NASA disappoints ET seekers: Aliens not among ‘surprising’ findings on Jupiter moon (VIDEOS, PHOTOS)

Scenario for getting water to Europa’s surface. Artist's conception of ridges and fractures on Europa. © JPL-Caltech
When NASA announced a press conference about “surprising activity” on Europa, one of Jupiter’s many moons, rumors abounded. The agency then issued a spoiler alert: It’s not aliens. Instead, a probe has spotted possible water plumes erupting on Europa.

It was revealed during Monday’s teleconference that there is “statistically significant evidence” that plumes exist on the moon, although they warn this isn’t definitive proof. 

Based on new findings from images of Europa captured by the agency’s Hubble Space Telescope since 2014, NASA suggests the water is hidden miles below the icy surface scientists believe covers Europa.
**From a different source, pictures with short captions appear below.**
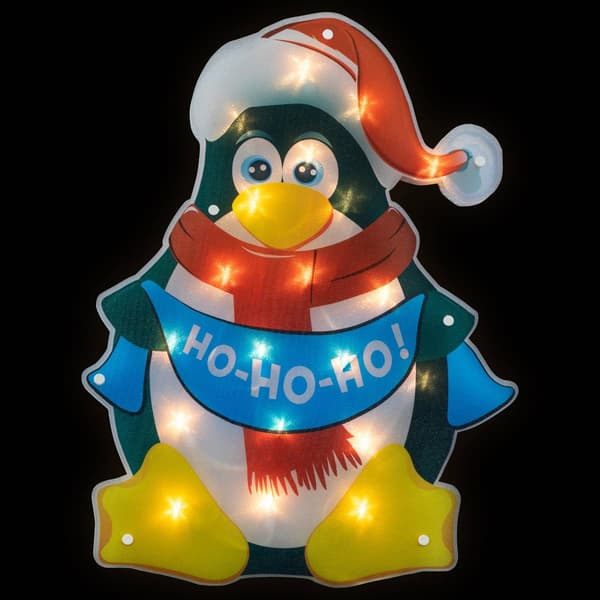 Northlight Seasonal Lighted Penguin Christmas Window Decor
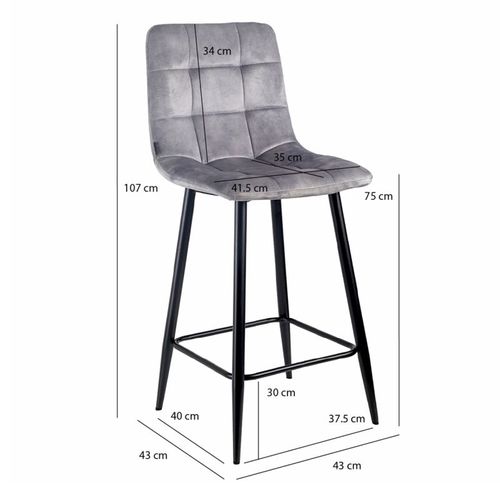 Lot 2 Chaises De Bar Assise H.75 Cm En Velours Gris Clair - Nami 2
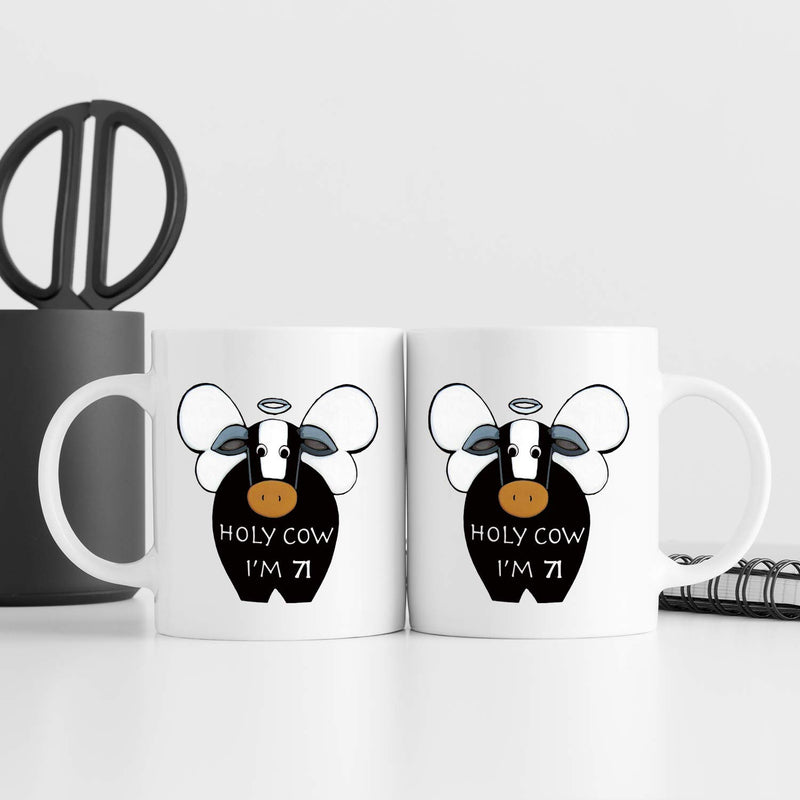 71st Birthday Gifts for Men - 1948 Birthday Gifts for Men, 71 Years Old Birthday Gifts Coffee Mug for Dad, Husband, Friend, Brother, Him, Colleague, Coworker, HOLY COW MUG - 11oz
One potential scenario is that the water is traveling from Europa’s subsurface ocean to the moon’s surface via vents in the thick ice.

The water basically erupts through the surface before raining back down on Europa’s surface. The plumes are estimated to rise about 125 miles (200 kilometers), according to a statement from NASA.

To date, the plumes have been appearing sporadically, which NASA says suggests that “the plumes could be highly variable” and “may erupt for some time and then die down.”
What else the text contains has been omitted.